* What to work on *
Everything in the listing below from the line containing "Table 1. Pore" through the line containing "E-wolontariat to nie" must be repeated exactly; the remaining lines are not wanted.

* Working data *
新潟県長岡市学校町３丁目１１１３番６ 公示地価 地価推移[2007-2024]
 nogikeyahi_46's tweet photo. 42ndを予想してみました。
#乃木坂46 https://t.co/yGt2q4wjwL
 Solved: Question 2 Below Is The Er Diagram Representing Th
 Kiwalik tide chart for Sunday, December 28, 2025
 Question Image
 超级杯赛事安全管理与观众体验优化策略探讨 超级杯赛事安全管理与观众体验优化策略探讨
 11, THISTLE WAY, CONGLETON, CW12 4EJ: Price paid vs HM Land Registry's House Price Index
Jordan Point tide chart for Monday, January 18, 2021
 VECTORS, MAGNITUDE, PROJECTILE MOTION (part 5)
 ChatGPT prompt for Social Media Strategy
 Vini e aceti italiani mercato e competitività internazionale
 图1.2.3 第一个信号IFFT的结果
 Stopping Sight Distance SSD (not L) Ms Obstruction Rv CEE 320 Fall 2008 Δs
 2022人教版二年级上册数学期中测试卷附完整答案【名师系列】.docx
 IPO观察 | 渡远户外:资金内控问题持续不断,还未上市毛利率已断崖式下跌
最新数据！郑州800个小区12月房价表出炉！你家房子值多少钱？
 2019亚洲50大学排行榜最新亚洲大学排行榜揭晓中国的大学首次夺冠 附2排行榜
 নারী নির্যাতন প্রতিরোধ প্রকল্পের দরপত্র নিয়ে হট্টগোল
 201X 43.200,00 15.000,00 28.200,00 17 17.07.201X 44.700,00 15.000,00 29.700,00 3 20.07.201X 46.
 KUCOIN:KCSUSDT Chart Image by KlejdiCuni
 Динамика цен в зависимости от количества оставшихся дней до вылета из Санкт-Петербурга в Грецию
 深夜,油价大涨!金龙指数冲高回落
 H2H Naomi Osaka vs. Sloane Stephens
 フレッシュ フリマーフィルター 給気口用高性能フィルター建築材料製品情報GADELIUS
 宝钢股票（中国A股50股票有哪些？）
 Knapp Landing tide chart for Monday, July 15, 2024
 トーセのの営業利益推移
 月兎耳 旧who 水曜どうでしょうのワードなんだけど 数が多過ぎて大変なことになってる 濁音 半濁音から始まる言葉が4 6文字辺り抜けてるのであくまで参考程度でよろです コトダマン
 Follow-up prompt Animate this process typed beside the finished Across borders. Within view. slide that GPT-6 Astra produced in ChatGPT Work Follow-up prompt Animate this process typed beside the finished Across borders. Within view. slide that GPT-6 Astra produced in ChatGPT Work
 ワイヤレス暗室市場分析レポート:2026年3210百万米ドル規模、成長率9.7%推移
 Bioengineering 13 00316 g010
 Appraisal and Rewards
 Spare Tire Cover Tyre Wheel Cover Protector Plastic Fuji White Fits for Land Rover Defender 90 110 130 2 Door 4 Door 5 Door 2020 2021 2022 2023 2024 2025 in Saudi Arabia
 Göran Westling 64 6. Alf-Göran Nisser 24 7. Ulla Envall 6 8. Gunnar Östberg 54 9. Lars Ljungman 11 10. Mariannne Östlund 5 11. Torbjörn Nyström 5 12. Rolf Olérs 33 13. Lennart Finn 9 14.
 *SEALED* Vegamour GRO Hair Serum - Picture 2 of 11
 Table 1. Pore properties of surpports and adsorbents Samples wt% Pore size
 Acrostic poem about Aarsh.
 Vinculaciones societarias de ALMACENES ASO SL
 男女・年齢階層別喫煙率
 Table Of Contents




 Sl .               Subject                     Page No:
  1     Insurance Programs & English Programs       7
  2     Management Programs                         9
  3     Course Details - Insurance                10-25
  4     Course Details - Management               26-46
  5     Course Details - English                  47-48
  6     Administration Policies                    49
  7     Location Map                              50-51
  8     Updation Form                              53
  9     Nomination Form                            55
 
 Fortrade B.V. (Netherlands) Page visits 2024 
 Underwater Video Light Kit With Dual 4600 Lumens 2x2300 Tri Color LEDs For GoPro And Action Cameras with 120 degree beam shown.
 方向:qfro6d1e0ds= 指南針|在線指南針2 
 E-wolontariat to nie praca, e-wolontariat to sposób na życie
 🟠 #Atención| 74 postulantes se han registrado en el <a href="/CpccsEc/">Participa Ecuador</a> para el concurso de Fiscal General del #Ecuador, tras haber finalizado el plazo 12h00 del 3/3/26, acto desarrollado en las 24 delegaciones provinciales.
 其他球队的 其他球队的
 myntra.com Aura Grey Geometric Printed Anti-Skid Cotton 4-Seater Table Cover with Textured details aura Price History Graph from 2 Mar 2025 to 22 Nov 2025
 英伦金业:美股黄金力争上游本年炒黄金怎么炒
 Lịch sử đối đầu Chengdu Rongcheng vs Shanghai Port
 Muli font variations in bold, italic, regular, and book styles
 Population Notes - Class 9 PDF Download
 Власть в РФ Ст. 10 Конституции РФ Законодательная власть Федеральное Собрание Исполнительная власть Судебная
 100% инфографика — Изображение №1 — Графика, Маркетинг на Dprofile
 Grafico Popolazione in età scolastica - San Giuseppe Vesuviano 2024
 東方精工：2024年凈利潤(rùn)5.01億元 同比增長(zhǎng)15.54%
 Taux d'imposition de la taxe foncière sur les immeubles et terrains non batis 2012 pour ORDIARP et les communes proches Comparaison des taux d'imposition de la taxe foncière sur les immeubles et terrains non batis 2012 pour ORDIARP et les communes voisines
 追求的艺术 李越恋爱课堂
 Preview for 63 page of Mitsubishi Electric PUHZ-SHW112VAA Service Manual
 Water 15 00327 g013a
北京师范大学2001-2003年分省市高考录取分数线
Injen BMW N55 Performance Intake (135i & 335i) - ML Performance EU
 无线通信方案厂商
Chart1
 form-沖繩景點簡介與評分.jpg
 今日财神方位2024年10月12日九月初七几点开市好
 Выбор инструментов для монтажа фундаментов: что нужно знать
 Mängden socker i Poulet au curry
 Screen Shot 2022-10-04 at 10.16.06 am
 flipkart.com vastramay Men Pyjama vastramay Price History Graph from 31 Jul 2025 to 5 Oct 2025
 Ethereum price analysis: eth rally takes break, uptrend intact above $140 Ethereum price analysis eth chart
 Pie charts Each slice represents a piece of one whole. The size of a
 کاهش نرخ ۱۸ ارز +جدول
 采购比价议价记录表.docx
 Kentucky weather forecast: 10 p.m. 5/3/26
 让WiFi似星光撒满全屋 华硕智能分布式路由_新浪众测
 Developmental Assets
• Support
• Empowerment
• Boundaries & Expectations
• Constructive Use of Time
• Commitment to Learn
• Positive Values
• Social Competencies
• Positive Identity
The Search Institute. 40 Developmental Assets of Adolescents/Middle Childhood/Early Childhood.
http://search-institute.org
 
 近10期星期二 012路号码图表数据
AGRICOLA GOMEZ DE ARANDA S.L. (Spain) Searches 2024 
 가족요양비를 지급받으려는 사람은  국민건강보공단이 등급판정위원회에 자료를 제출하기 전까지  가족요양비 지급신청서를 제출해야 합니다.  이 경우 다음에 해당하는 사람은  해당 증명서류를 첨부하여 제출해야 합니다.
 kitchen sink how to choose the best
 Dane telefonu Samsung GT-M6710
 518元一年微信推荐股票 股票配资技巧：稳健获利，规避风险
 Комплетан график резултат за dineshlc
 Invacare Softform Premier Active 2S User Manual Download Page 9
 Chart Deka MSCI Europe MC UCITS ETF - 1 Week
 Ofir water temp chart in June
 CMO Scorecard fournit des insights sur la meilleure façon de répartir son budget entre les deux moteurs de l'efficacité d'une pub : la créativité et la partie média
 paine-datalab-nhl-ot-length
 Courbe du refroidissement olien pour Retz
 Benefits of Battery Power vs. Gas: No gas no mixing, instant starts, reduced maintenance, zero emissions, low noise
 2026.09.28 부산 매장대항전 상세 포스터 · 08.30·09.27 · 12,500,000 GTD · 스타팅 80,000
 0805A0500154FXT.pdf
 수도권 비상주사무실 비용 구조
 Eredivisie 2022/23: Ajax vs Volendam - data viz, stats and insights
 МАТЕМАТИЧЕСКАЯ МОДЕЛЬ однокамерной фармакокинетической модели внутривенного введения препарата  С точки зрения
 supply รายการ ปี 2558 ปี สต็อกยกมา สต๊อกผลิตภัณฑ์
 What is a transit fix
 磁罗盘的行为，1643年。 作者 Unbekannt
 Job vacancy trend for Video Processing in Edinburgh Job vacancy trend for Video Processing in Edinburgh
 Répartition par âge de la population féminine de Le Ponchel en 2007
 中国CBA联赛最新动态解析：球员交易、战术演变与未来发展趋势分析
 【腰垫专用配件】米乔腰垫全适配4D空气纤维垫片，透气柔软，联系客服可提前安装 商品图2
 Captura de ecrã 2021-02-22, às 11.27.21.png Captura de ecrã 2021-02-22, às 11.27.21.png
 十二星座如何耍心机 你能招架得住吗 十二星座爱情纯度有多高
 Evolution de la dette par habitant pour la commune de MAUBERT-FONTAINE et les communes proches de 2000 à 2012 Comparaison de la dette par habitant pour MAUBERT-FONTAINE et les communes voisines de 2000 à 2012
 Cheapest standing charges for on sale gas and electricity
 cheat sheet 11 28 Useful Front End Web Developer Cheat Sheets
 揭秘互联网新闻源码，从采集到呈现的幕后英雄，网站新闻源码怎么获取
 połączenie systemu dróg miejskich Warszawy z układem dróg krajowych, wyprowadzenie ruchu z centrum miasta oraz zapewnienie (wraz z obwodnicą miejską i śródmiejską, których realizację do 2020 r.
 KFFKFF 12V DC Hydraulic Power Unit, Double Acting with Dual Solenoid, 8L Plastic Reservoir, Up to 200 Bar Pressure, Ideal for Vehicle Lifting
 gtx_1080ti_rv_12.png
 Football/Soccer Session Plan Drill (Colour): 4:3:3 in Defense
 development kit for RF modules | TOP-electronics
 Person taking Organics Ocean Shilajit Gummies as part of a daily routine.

* Response to this exercise *
 Table 1. Pore properties of surpports and adsorbents Samples wt% Pore size
 Acrostic poem about Aarsh.
 Vinculaciones societarias de ALMACENES ASO SL
 男女・年齢階層別喫煙率
 Table Of Contents




 Sl .               Subject                     Page No:
  1     Insurance Programs & English Programs       7
  2     Management Programs                         9
  3     Course Details - Insurance                10-25
  4     Course Details - Management               26-46
  5     Course Details - English                  47-48
  6     Administration Policies                    49
  7     Location Map                              50-51
  8     Updation Form                              53
  9     Nomination Form                            55
 
 Fortrade B.V. (Netherlands) Page visits 2024 
 Underwater Video Light Kit With Dual 4600 Lumens 2x2300 Tri Color LEDs For GoPro And Action Cameras with 120 degree beam shown.
 方向:qfro6d1e0ds= 指南針|在線指南針2 
 E-wolontariat to nie praca, e-wolontariat to sposób na życie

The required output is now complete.